Digital imaging--whether via digital cameras hooked up to PCs or traditional photographs processed and stored in a digital format--does not yet offer enough benefits to replace traditional photography, according to Carl Gustin, chief marketing officer for Kodak.
"To make a new model work, the old model has to be broken," Gustin asserted in an interview with CNET News.com. "Today, digital imaging doesn't offer anything [better] besides sharing."
Analysts, however, contend that the turn toward digital has already occurred. Wall Street has hammered Kodak's stock in the past year because of the perception that the coming digital revolution could eventually decimate film and film processing revenues.
"Honestly, this sounds like something someone would say two years ago," said Carl Holec, a digital imaging analyst with market research firm ARS, calling Gustin's comments "astounding." Still, Holec said that "the ongoing profit stream from digital photography is probably not as significant as the one from traditional cameras, which certainly has to scare them."
Gustin's tepid enthusiasm for the burgeoning technology reflects the difficulty Kodak has had in its somewhat unique position as a major supplier of both digital and traditional photography products. Like any traditional company attempting to alter its strategy to include Internet-based businesses, Kodak must worry that aggressively promoting digital product lines may cannibalize traditional sales.
Digital photography will not achieve mass-market status until a variety of issues are resolved, Gustin said. Digital cameras capable of capturing pictures with a resolution of two million pixels will have to drop in price to under $100, he said. Meanwhile, the PC and software industry will have to simplify the process of downloading, manipulating and printing the digital images.
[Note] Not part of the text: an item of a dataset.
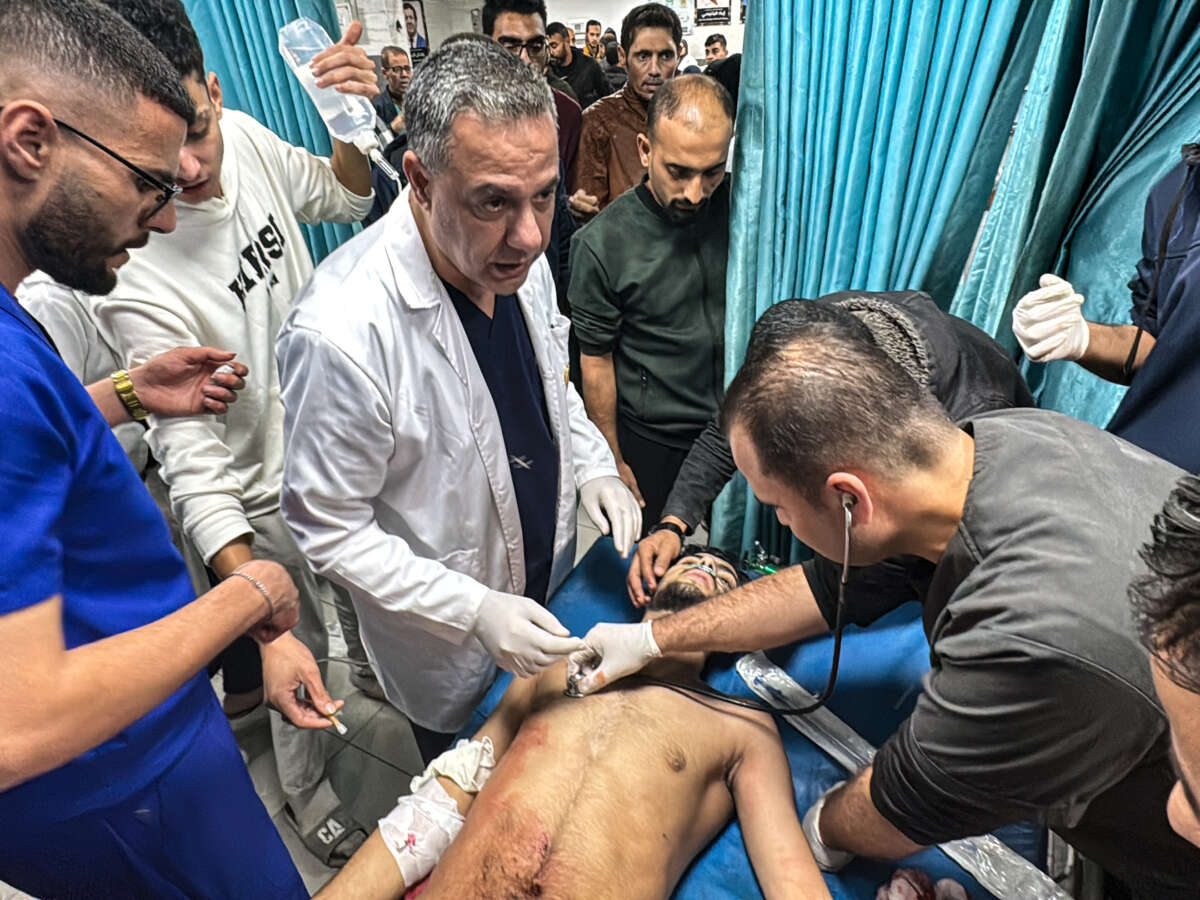 Advocates Call for Israel to Release Palestinian Doctor Abu Safiya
"Digital cameras are still too hard to use," he said, including Kodak's cameras in that criticism. "They're not great, but they're better than anything else that's out there," he said. In addition, with digital photography, consumers can't save the negatives of pictures they don't want to print right away, or at least, not easily, he said. "Putting it through the PC is a pain."
Analysts disagree. With technology advances and price drops, digital cameras are generally $200 more than high-quality traditional cameras, but they come with the flexibility to manipulate and preview images, as well as share them via the Internet.
"It's a completely different paradigm," Holec said, noting that many of Kodak's digital cameras offer traditional image quality with the flexibility of digital technology. "Kodak has always been one of the leaders in the digital segment."
Gustin's comments are somewhat surprising considering the strides the company has made in its digital businesses. Kodak's "You've Got Pictures" promotion with America Online and its PictureCD partnership with Intel are growing in popularity, he says, and the Kodak.com Web site's traffic is strong enough to support third-party advertising.
But those successes still don't compare with the company's traditional business, where it accounts for 70 percent of the 540 million of rolls of film processed each year. This compares with worldwide digital camera shipments of 4.7 million this year, according to market research firm IDC, and 22 million shipments by 2003.
But despite his individual skepticism about imminent widespread adoption of digital photography, Gustin is confident that Kodak is well-positioned to profit. "The mass market is not going to happen until the cost and time of digital imaging isn't [better] than the old model," he said. "We don't care when it happens because we make money on every link in the chain."